Edited By Rasim Yilmaz, Günther Löschnigg, Hasan Arslan and Mehmet Ali Icbay
The Impact of Privatisation on Earnings in Transition Countries
Standard arguments of privatisation regarding wages point out that under public ownership, workers earn high wages and benefits due to unionisation and soft budget constraints. As such, before privatisation, public corporation managers supported by soft budgets were not provided with incentives to minimise costs. Besides, public unions were in a total monopoly bargaining position. Thus, they were able to get excessive pay levels and benefits for their members by using their power on politicians and during bargaining. After privatisation, the aim of the new owners facing hard budgets was to maximise profits; therefore, they had a greater incentive to minimise costs. Besides, privatisation reduces workers bargaining power and therefore union wage premiums. Thus, effective new owners are able to raise productivity and lower costs by reducing wages and over-staffing.
However, the effect of privatisation on wages is theoretically ambiguous. Wages may either rise or fall as a result of privatisation depending on the firms’ level of output, market power of firms, union’s role, and the nature of wage determination in the market (Monterio, 2003).
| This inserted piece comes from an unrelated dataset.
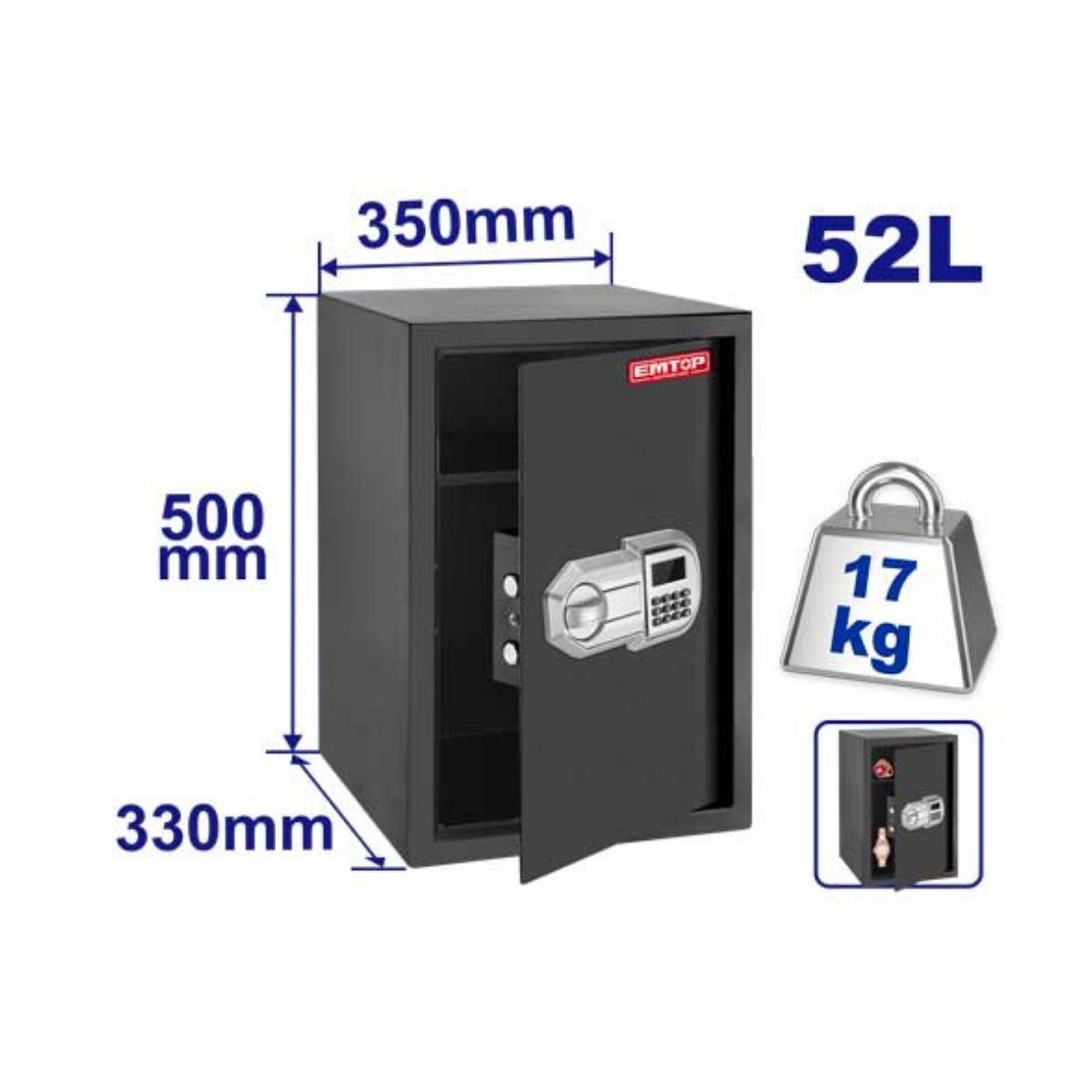 Caja Fuerte Digital Alta Seguridad 52L 50x35x33cm image number null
New private owners faced with stronger profit-related incentives, harder budget constraints, and constant output may reduce costs by reducing wages. On the other hand, if the privatised firm’s output rises in response to an increase in the firm’s market share and the total quantity demanded for the industry, as well as the skills of new management regarding marketing, innovation, and entering new markets, new private owners may...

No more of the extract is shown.